Limit number of rows in input

Is there an easy way I can limit the number of rows in my input dataset so that I can speed up debugging and testing?

A random selection of the input data can be selected using the random_uniform function e.g.

input(bookmark('data'), name: 'data')
->
select({
		*,
		random_uniform(0,1) as randomFilter
		})
-> filter(randomFilter <= .2)
->
save('output.csv', format: 'csv')

will select ~20% of the input dataset

That’s right. You could also make this a model parameter, so you can leave it in your pipeline and enable it when needed. For example, this uses a proportion_input parameter, which should default to 1.0 (100%), but you could switch to including only 20% of the data with: riskscape moddel run foo -p proportion_input=0.2

input(bookmark('data'), name: 'data')
-> filter(random_uniform(0,1) <= $proportion_input)
-> save('output.csv', format: 'csv')

The other way to do this is the input step has a limit parameter that will restrict the input to a specific number of rows.
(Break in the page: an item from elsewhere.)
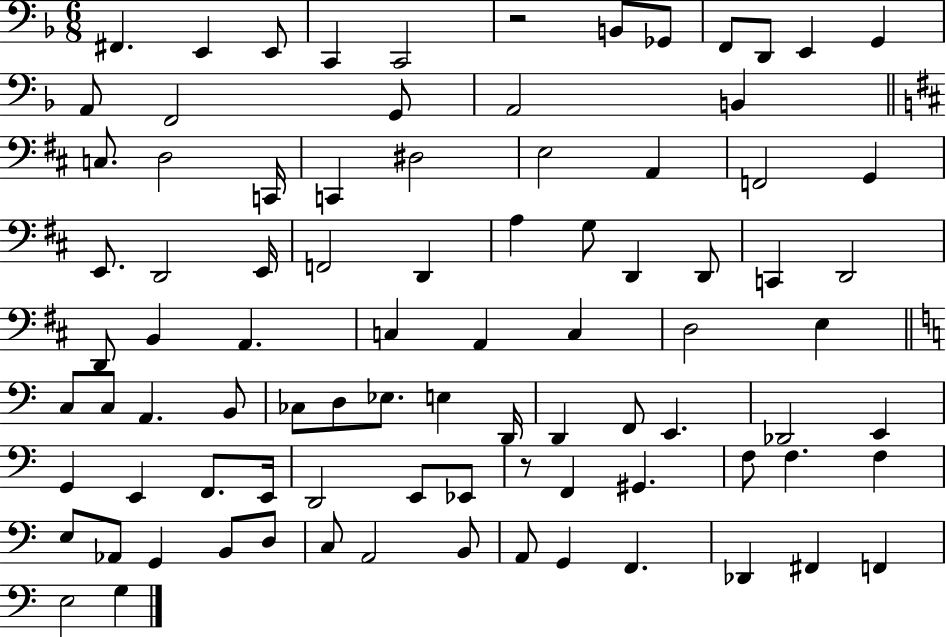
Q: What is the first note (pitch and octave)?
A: F#2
E.g. to only include 1000 rows of data you could use:

input(bookmark('data', limit: 1000)
1 Like

Thanks Tim, very helpful to see how it can be done without adding another column.

Is it possible to use an integer limit within a pipeline? I have a few steps I need to run on the full dataset at the start.
something like

-> filter(1:nrow(data) <= 1000)

The only way to do that currently would be to limit the number of rows of input data, e.g.
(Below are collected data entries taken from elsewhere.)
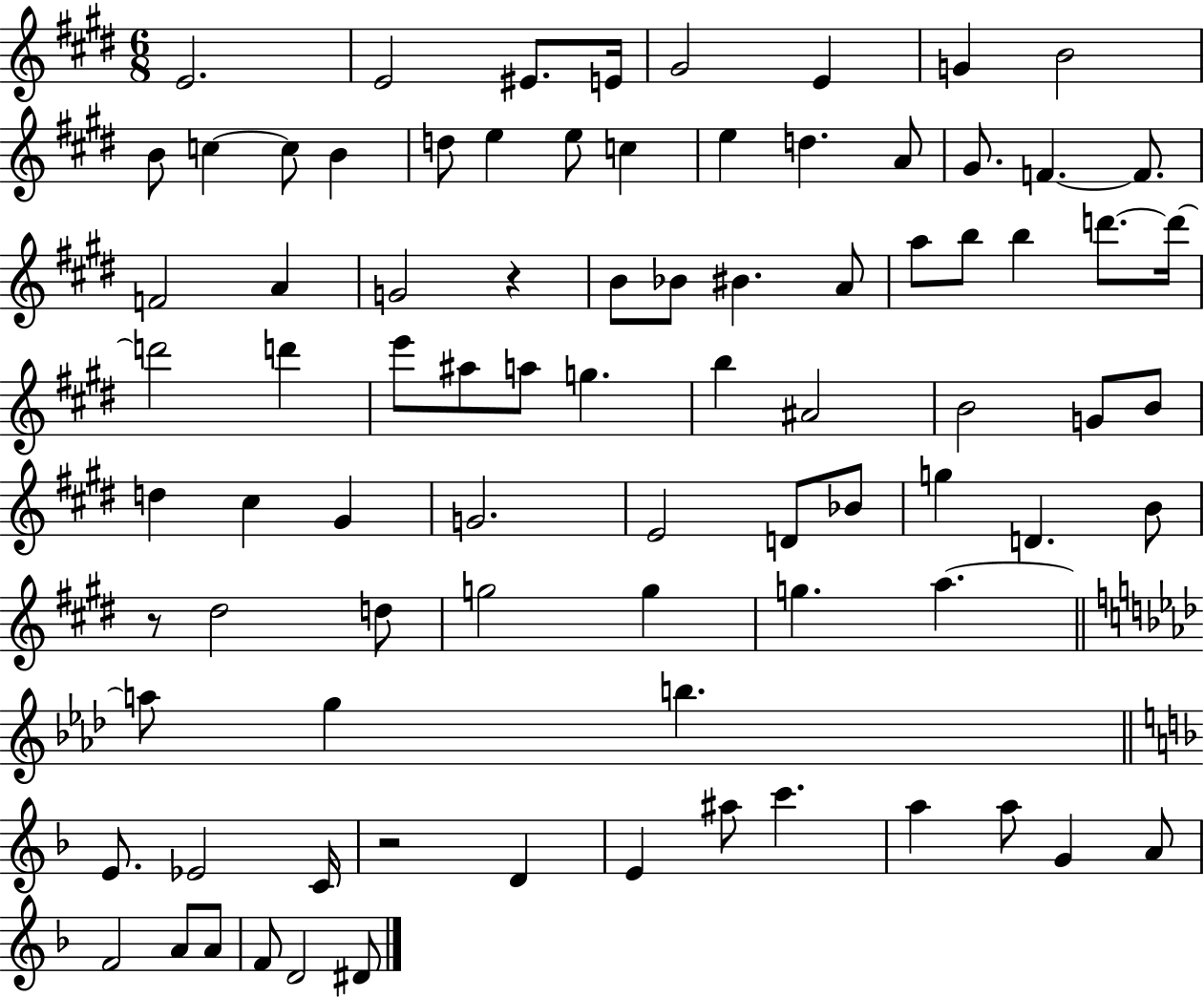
X:1
T:Untitled
M:6/8
L:1/4
K:E
E2 E2 ^E/2 E/4 ^G2 E G B2 B/2 c c/2 B d/2 e e/2 c e d A/2 ^G/2 F F/2 F2 A G2 z B/2 _B/2 ^B A/2 a/2 b/2 b d'/2 d'/4 d'2 d' e'/2 ^a/2 a/2 g b ^A2 B2 G/2 B/2 d ^c ^G G2 E2 D/2 _B/2 g D B/2 z/2 ^d2 d/2 g2 g g a a/2 g b E/2 _E2 C/4 z2 D E ^a/2 c' a a/2 G A/2 F2 A/2 A/2 F/2 D2 ^D/2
input(bookmark('data'), name: 'data', limit: $num_rows)

The num_rows parameter could have a default value of maxint() (i.e. all the data), and then if you only wanted 1000 rows for debugging, you could use -p num_rows=1000.
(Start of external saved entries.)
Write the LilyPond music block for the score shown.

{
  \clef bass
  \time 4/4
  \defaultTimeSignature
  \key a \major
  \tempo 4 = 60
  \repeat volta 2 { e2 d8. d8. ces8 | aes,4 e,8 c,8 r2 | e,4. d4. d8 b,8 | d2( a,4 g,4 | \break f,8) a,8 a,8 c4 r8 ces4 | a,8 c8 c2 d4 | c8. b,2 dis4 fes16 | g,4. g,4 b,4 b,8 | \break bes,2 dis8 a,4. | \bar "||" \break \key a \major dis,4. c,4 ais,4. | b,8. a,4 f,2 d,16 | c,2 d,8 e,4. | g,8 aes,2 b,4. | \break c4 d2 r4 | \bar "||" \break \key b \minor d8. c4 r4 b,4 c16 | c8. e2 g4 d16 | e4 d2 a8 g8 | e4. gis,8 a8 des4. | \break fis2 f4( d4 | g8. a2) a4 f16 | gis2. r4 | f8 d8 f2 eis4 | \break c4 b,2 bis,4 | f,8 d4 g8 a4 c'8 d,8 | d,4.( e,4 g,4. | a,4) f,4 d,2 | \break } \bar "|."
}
Sweet as. In this case I am a reading in a dataset that covers NZ and then clipping it down to the relevant area so I cant limit the input to the first n rows as this might not include any assets from the area im looking at

input(relation: 'buildings_geopackage', name: 'exposure') as exposures_input
-> select({*, intersects(exposure.geom, bounds(bookmark('hazard_clip', {location: $hazard_clip_location})))})
-> filter("intersects") as exposure_clipped

But the randomised filter works well in this case so I will continue to use that.